Defense du calcul des Differences is clearly to be situated at the same time and in the same context as Justification du Calcul des infinitésimales par celuy de l’Algèbre ordinaire which we also present in this section (available here). While the notation is different, their developments are based on identical geometric configuration.

It is possible that Leibniz wrote Justification first and then used it later to write a longer text in which he kept the same example. Indeed, although very similar, Defense du calcul des Differences, unlike Justification, contains a preamble in which Leibniz announces his intention to show that in his calculus the elisions of infinitely small quantities are not made in an arbitrary manner as argued by “des personnes habiles qui s’opposent au Calcul des Différences” but according to rules that can be justified in the manner of Archimedes. These rules are based on his famous Lemmas on Incomparables [Leibniz, 1689] whose application makes it possible “to know what can be neglected with impunity without it being able to cause any error”.

By invoking the “des personnes habiles qui s’opposent au Calcul“, Leibniz was addressing academicians like Rolle and Galloys, who refused to recognize the exactness of differential calculus.

Leibniz had already addressed a justification of his calculus to the French savants. A year earlier, in a short article in the Journal de Trévoux [Leibniz 1701b], he explained that the practice of his calculus does not require taking the infinitely small in a “rigorous” manner but as quantities as small as needed. Taking the same comparison with finite magnitudes as he did in his inaugural article presenting the Lemmas on Incomparables [Leibniz 1689] (the diameter of a grain of sand, the diameter of the Earth and the distance from the fixed stars), he caused confusion amongst the members of the Académie des sciences, both opponents and defenders of differential calculus alike. This intervention was followed by an article in the Journal des Sçavans [Leibniz 1702] in which he clarified what he meant by “to explain the infinite by the incomparable” [expliquer l’infini par lincomparable] and how differentials could be considered as “ideas suitable for abbreviating reasoning, and grounded in reality” [des idées propres à abréger les raisonnemens, & fondées en realitez].

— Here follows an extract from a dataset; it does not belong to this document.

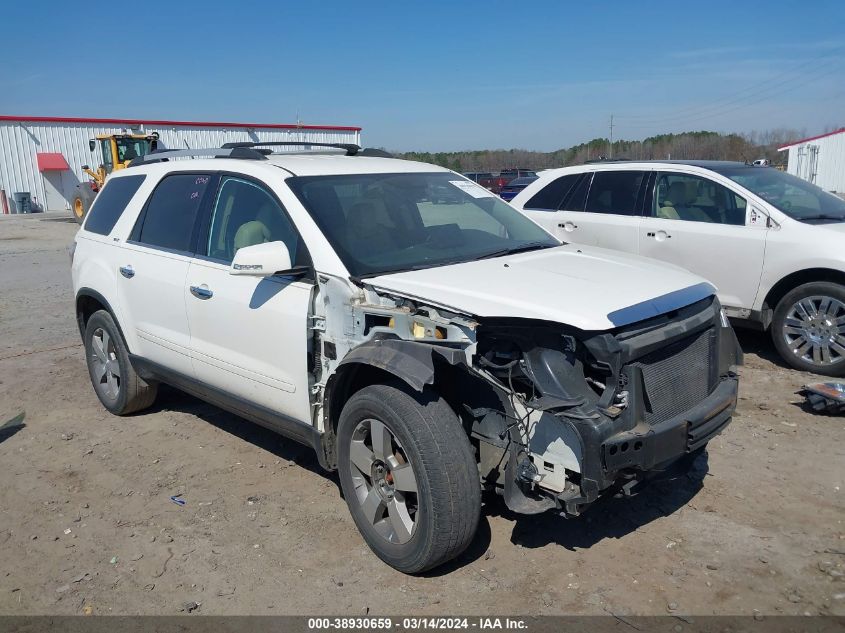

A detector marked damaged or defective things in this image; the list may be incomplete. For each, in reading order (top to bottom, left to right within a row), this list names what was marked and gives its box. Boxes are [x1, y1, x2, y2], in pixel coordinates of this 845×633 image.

damaged white suv [72, 144, 740, 572]
crashed front end [472, 294, 740, 516]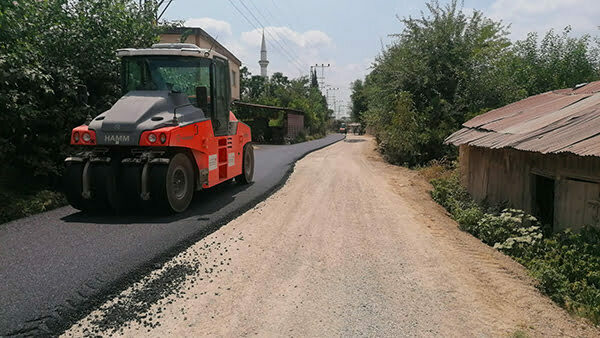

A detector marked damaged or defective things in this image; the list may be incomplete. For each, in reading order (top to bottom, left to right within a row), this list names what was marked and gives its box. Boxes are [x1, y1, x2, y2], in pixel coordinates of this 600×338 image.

rusty metal roof [446, 81, 600, 156]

In Defense du calcul des différences, Leibniz announces that it is possible to propose two other ways of justifying his calculus (in addition of the one that based on the Lemmas on Incomparables and reasoning in the manner of the Ancients). The first is a methodological justification “by the ordinary calculus of Algebra” and which is based on the principle of continuity. His reasoning is the same as that developed in Justification. The second is an interpretation of the computational process: considering “very small quantities” instead of infinitesimals. Leibniz claims this would shed more light on what made him speak of incomparables in other times. However, this last point is not developed here since its text ends leaving “En voicy un essay” pending. This last strategy brings to mind that developed in the Cum Prodiisset [Leibniz 1702b]. In marginalia of this last text, Leibniz wrote “all this must be edited very carefully so it could be published, omitting what is harsher in contradicting others. It is to be joined by my method for the law of continuity shown by the tracing of lines, and also by the tract [schediasma] I sent the Parisians in order to show that in the common example the ratio between nothings is feigned to be something” (translate in [Rabouin & Arthur 2020]). It is therefore possible that the Defense is an attempt in which Leibniz intended to bring together both the Justification (the only known schediasma sent to Parisians) and the Cum Prodiisset (the only known text where he implements a method based on “finite witnesses”) [Rabouin & Arthur 2020].

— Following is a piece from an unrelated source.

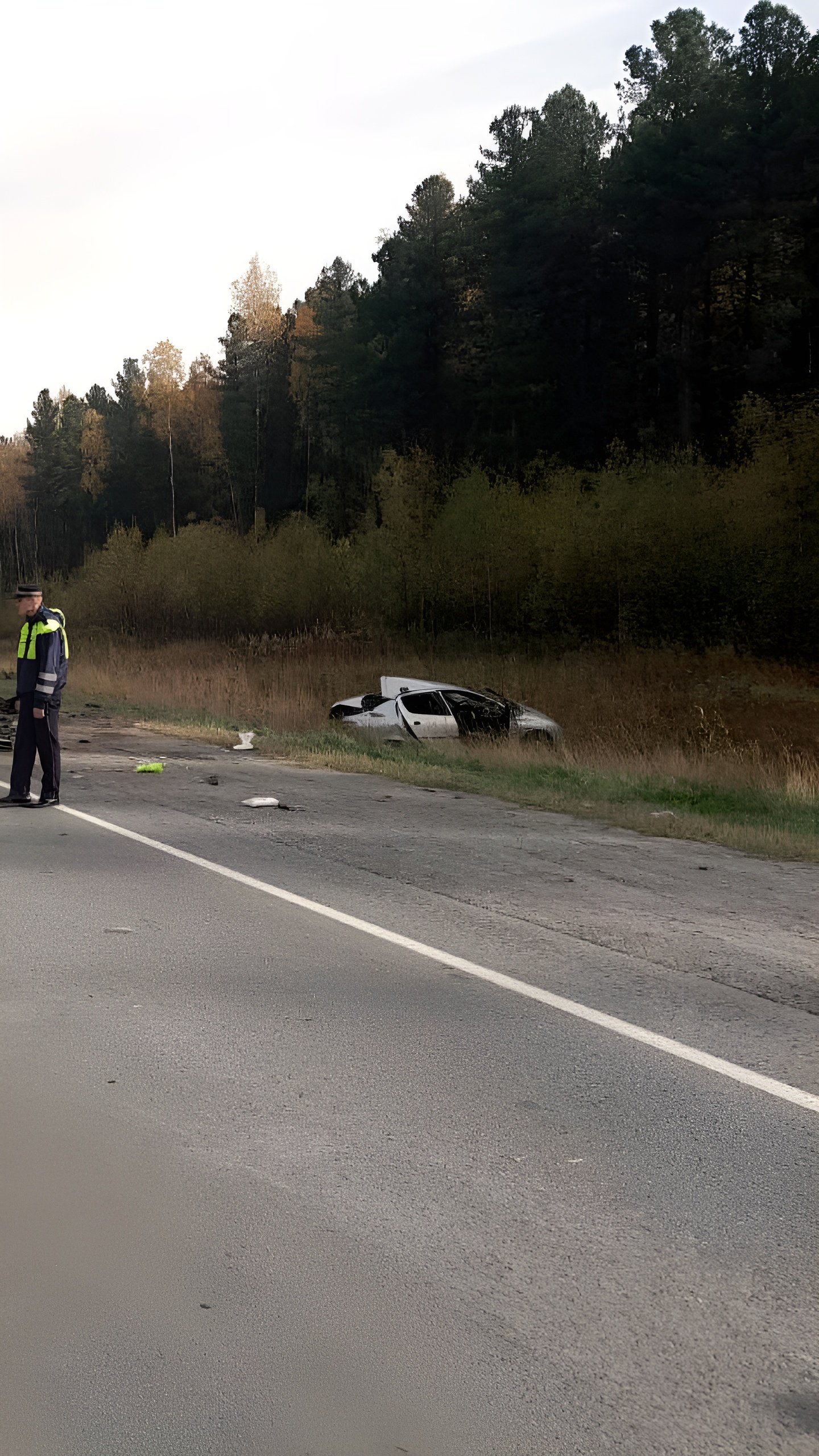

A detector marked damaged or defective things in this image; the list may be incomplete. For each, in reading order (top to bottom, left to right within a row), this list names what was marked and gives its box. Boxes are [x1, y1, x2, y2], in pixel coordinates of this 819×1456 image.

damaged car door [396, 692, 460, 737]
crashed white car [330, 678, 560, 746]
burned vehicle [330, 678, 560, 746]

By “justifying our way of calculating by that of ordinary Algebra”, Leibniz wants to make it clear that those who practice the ordinary calculus of algebra, already use infinitely small quantities even if some of them claim that these quantities are in fact zero. Presenting his calculus, criticized in such a vivid manner by the algebraists, as based on the very same foundations as those they need for their own practice, Leibniz adopts a new strategy of justification, different from the one he had developed a few months earlier.

This second justification, in support of geometrical configuration, is practically the same as that of Justification. To understand this geometrical situation using calculus in all its generality, that is to say until the triangle vanishes completely, it must be accepted that the lengths of the sides never become absolutely zero, but that ‘”at the last moment” they are infinitesimal. Thus, thanks to the Law of Continuity, they keep among themselves the essential property of magnitudes which is to have a ratio. It is the existence of this “last ratio” that allows us to understand the geometrical situation in all its generality.